In some ways, Nemtsov proved more adaptable than his young daughter. She got used to the dacha easily, but she could not make peace with the black Volga, the perennial nomenklatura car, that now took her to school in the mornings. She asked to be dropped off about five hundred yards from the entrance, even though everyone knew she was the governor's daughter and expected her to be chauffeured. And though she liked that her mother no longer had to spend her days struggling to procure food, the way foodstuffs now showed up at their dacha made Zhanna uneasy. At holiday time—New Year's, Victory Day, and the anniversary of the Great October Revolution every November—something frighteningly extravagant, like an entire roasted baby pig, would show up on the doorstep, as though placed there by the invisible and indestructible hand of the Soviet privilege machine.

while zhanna was struggling to accept the cars and roast piglets, Seryozha had woken up one day to their absence. His grandfather still led a political party, still served on commissions—but in 1991, along with the entire Gorbachev establishment, he was rendered irrelevant to the machinery that ran the country. Seryozha's parents divorced that year. His father moved out. Everything was different now.

Seryozha changed schools. His old school was in the neighborhood, and his classmates there were other children from the Czars' Village, plump and blond. Multiple black Volgas pulled up to the building in the morning to deposit them in an environment that, from the start, reminded Seryozha of the way he had seen prison shown in films. During breaks between classes, the children walked around the school vestibule in a circle, in different-sex pairs, holding hands. If a child asked to be allowed to go to the bathroom during class, he was likewise paired with a student of the opposite sex, who had to stand guard outside the lavatory. This system of opposite-sex pairing was one of peer control: that the children could not actually enter the bathroom together ensured there would be no collusion and truancy; making children walk in circles with someone of the opposite sex—someone who, at that age, could not possibly be a friend—bored them into passivity.

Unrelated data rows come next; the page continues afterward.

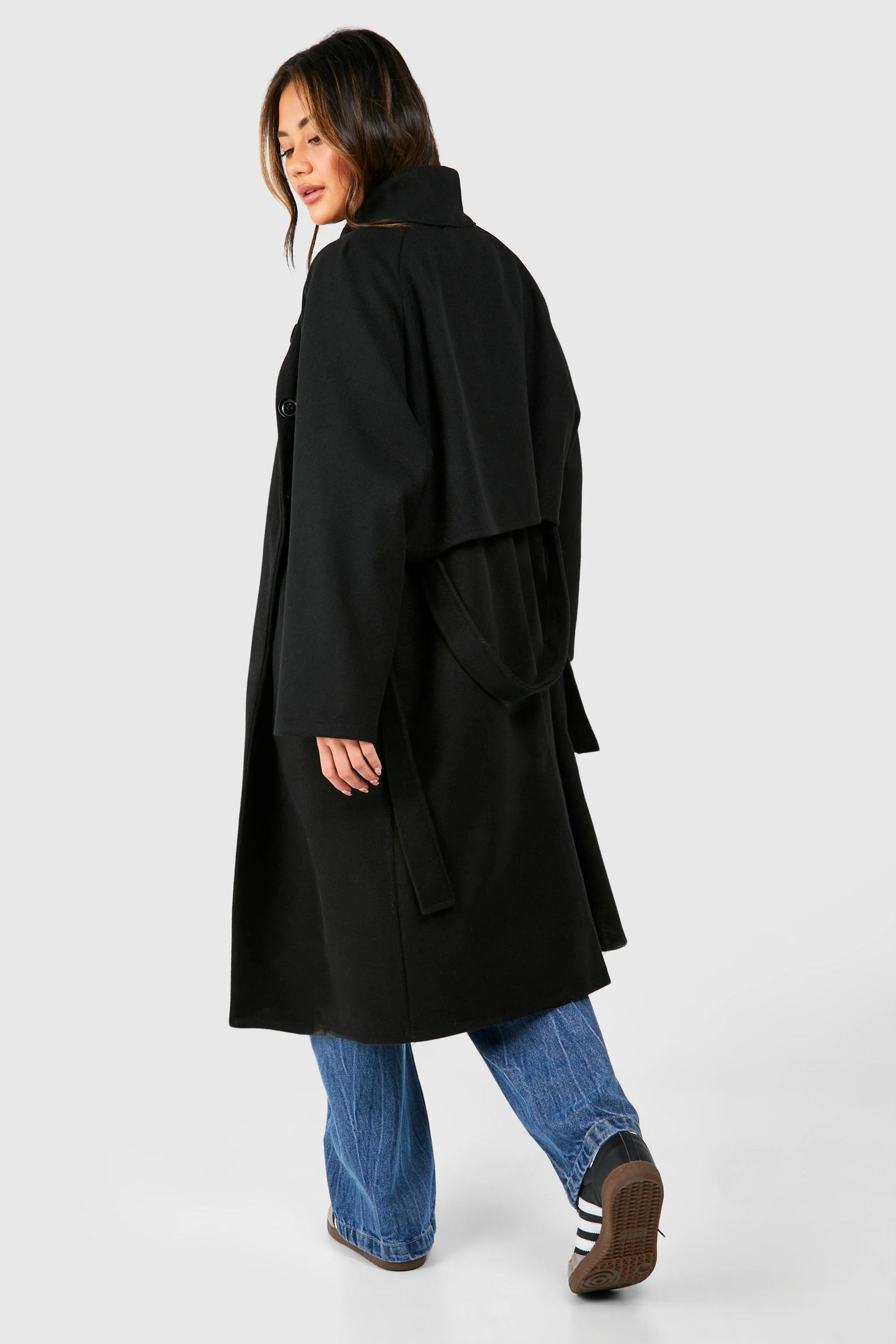 Jackets & Coats | Belted Oversized Wool Look Coat | boohoo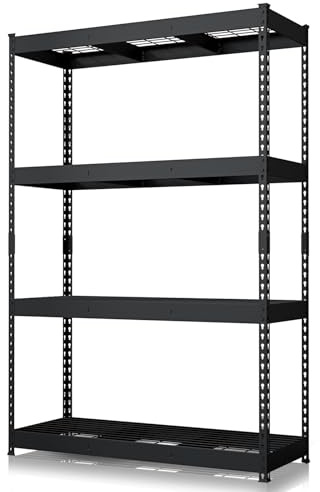 KARAT Étagère de Rangement Lourde Yukon Rivet – Rayonnage en Acier avec tablettes grillagées, capacité de Charge 250 à 350 kg par Niveau (Noir, 180 x 120 x 45 cm - 4 Niveaux)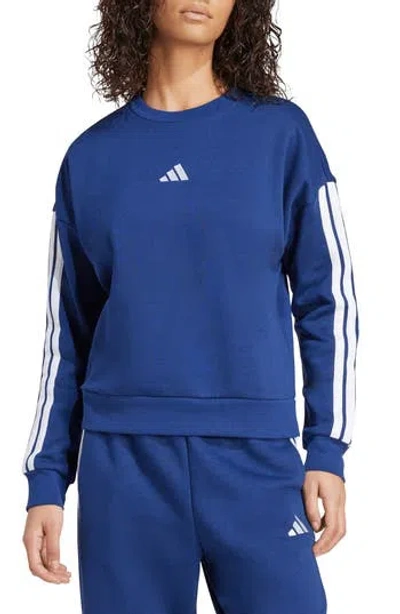Adidas Originals Adidas Essentials 3-stripes Fleece Sweatshirt In Blue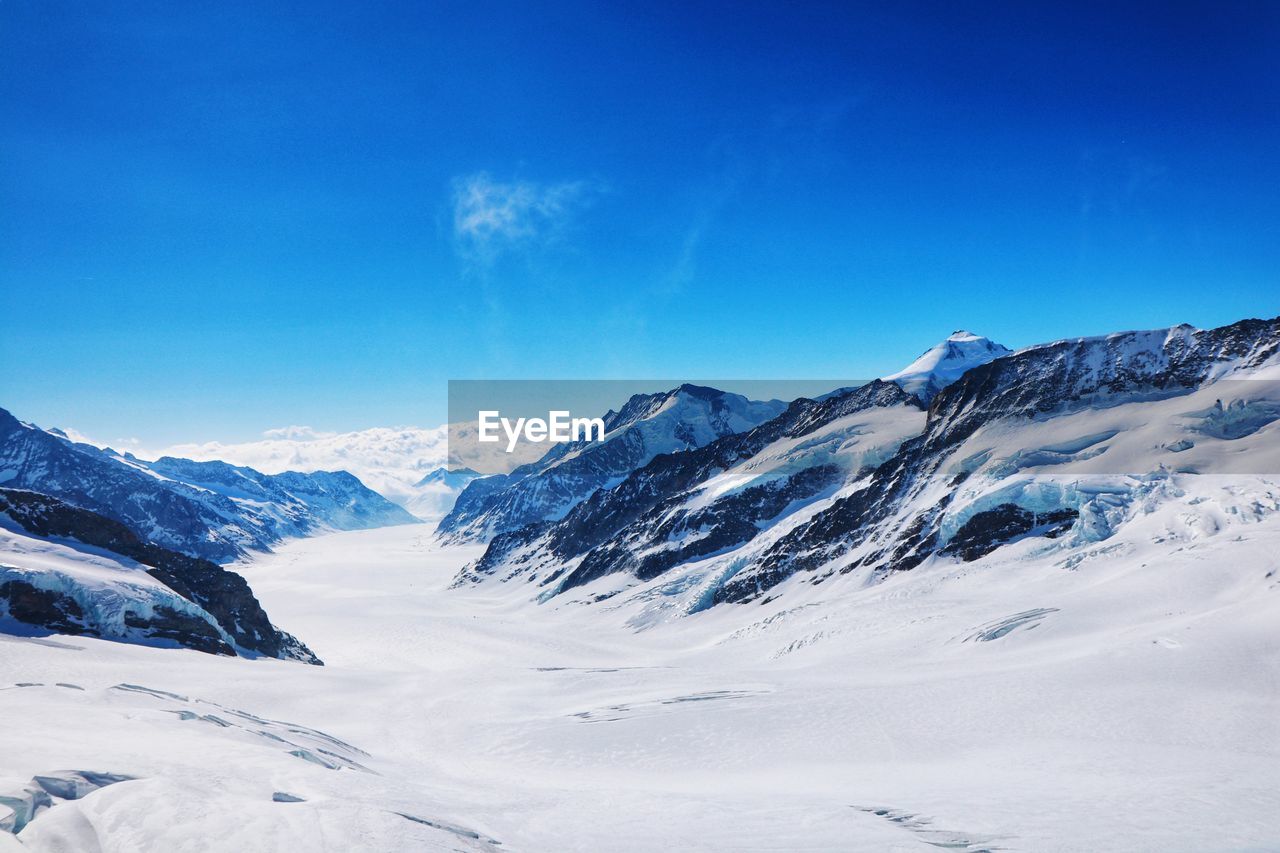 Winter landscape with covered with snow at jungfrau top of europe,switzerland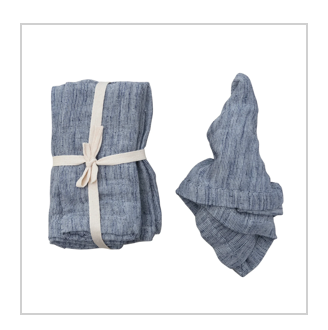 Woven Cotton & Linen Slub Napkins, Set of 4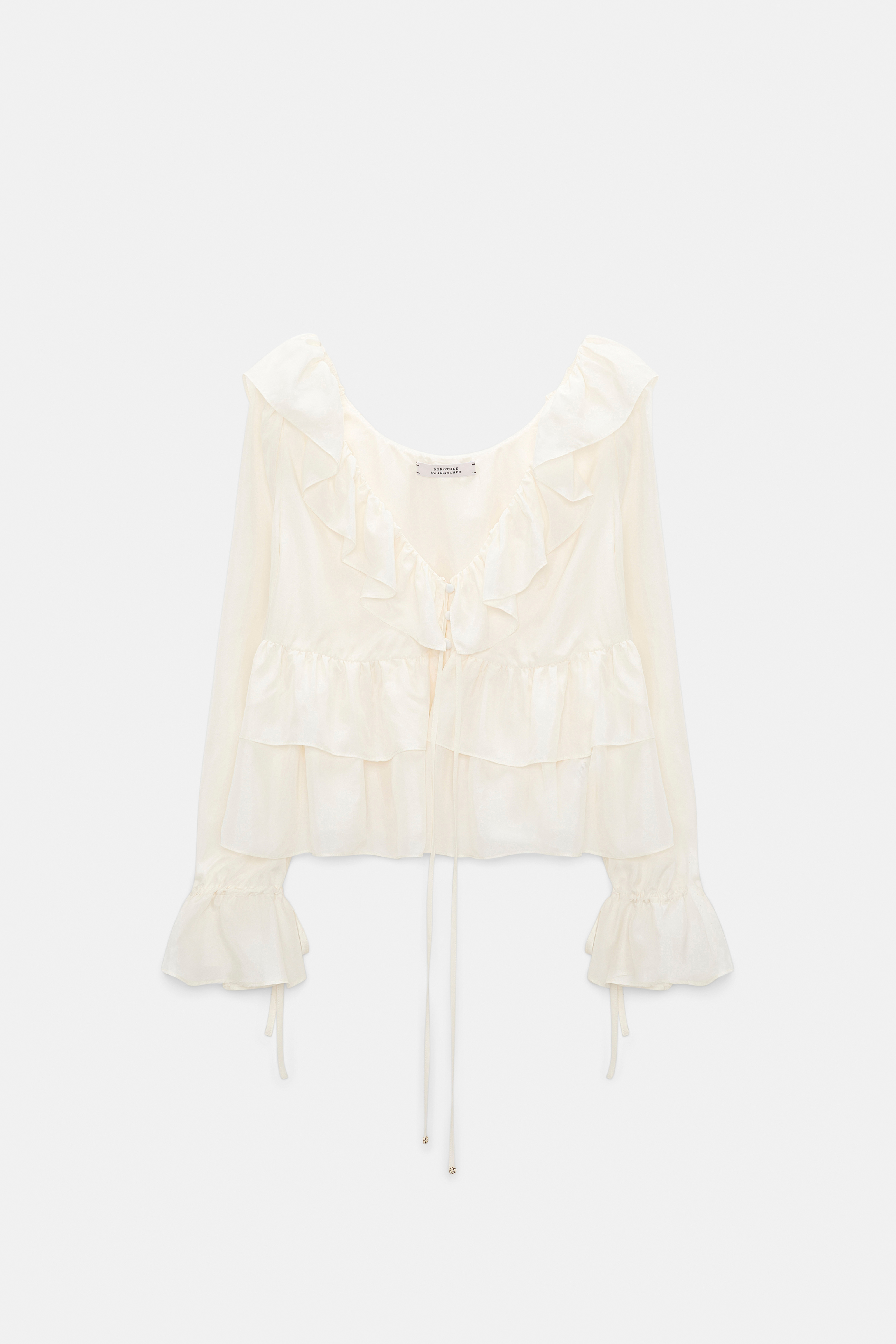 Dorothee Schumacher Tunic-style blouse in Habotai silk camellia white
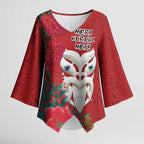 Maori Wheku Meri Kirihimete Personalised Kimono Sleeve Blouse All Red Indigenous Maori Motif - Aussie Hoodie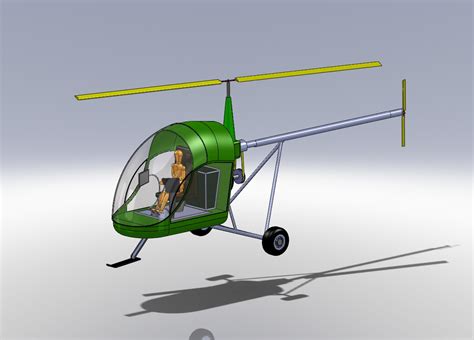单人直升机_SOLIDWORKS 2010_模型图纸下载 – 懒石网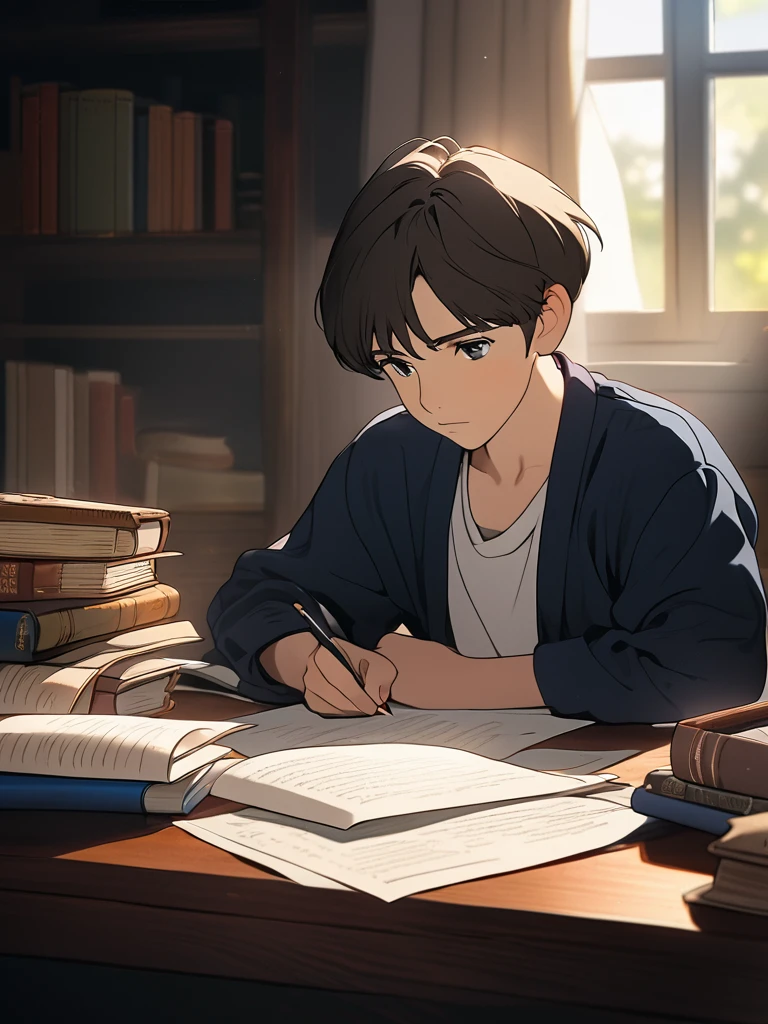 "A portrait of a young boy deeply focused on his studies, sitting at a wooden desk with books and papers spread out. Captured with an Arri Alexa LF using a Zeiss Master Prime 50mm lens, the scene is lit by soft, natural light filtering in from a nearby window, casting a gentle glow on the boy's face and highlighting the concentration in his eyes. The shallow depth of field (f/1.4) emphasizes the boy's thoughtful expression and the details of his study materials, while the background fades into a warm, inviting blur, creating a calm and studious atmosphere use of natural light."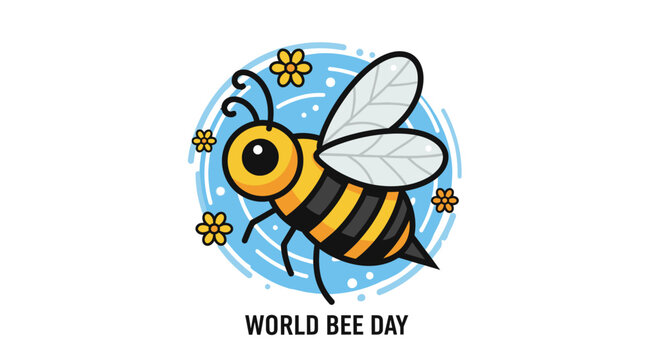 Cute cartoon honey bee illustration for World Bee Day celebration.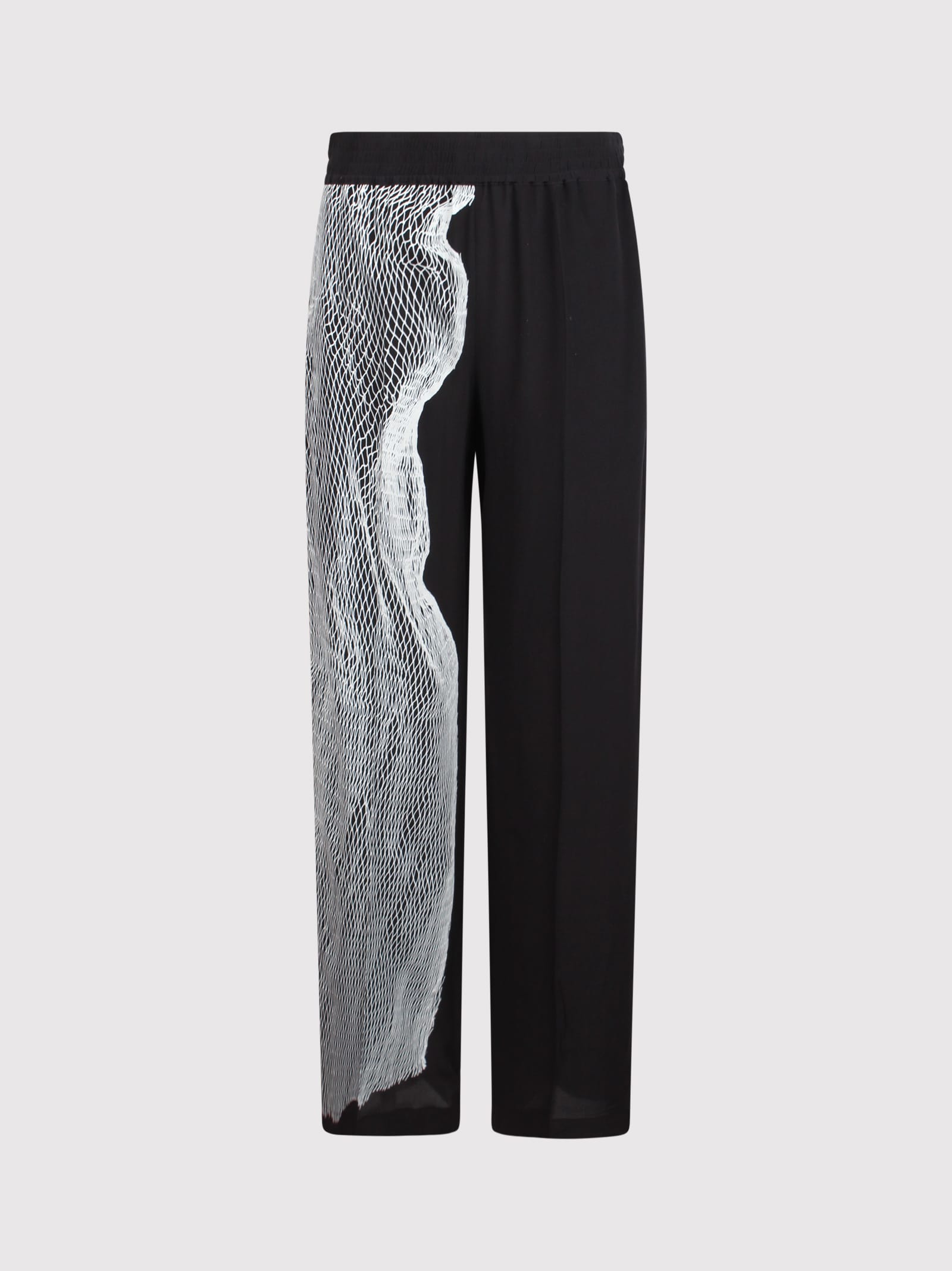 Shop Victoria Beckham Wide-leg Trousers With Graphic Mesh Print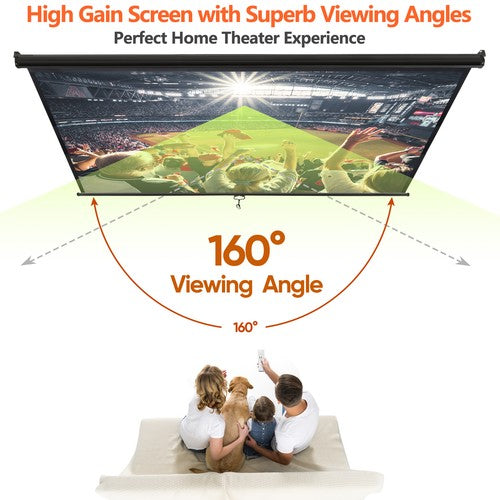 Segawe Black Projector Screen Pull Down 16:10 Foldable Wall Mount HD Projection Screen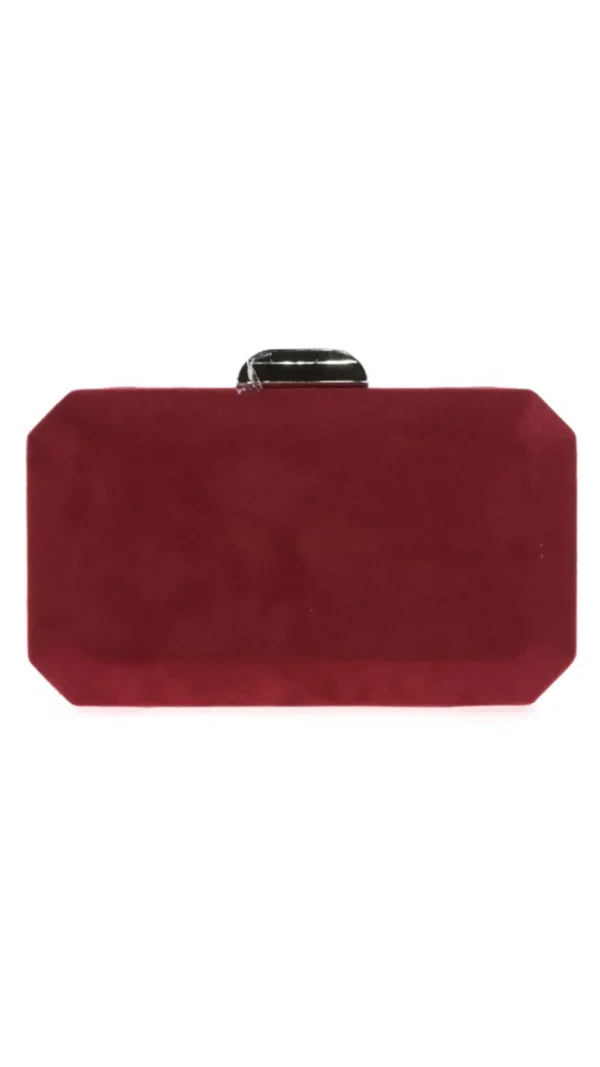 Bolso Clutch De Antelina Granate Con Cierre Plateado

Seryozha's new school was in a dilapidated building in the messy center of Moscow. Children did not wear uniforms, march in formation, or in any other way resemble Seryozha's old classmates. School Number 57 had long been an oasis of freethinking in Moscow: it was a math-and-science high school under the old regime, a place where ideological controls were slightly relaxed to facilitate the production of minds useful to the Soviet military-industrial complex. During perestroika, the school was allowed to start offering primary- level education. Seryozha now joined the children who had been the first entering first-graders. Their parents—linguists, writers, and one psychoanalyst—tensed up at the appearance of a child of the nomenklatura who would now be studying alongside their offspring, but grew to accept him, because the times were meant to be changing.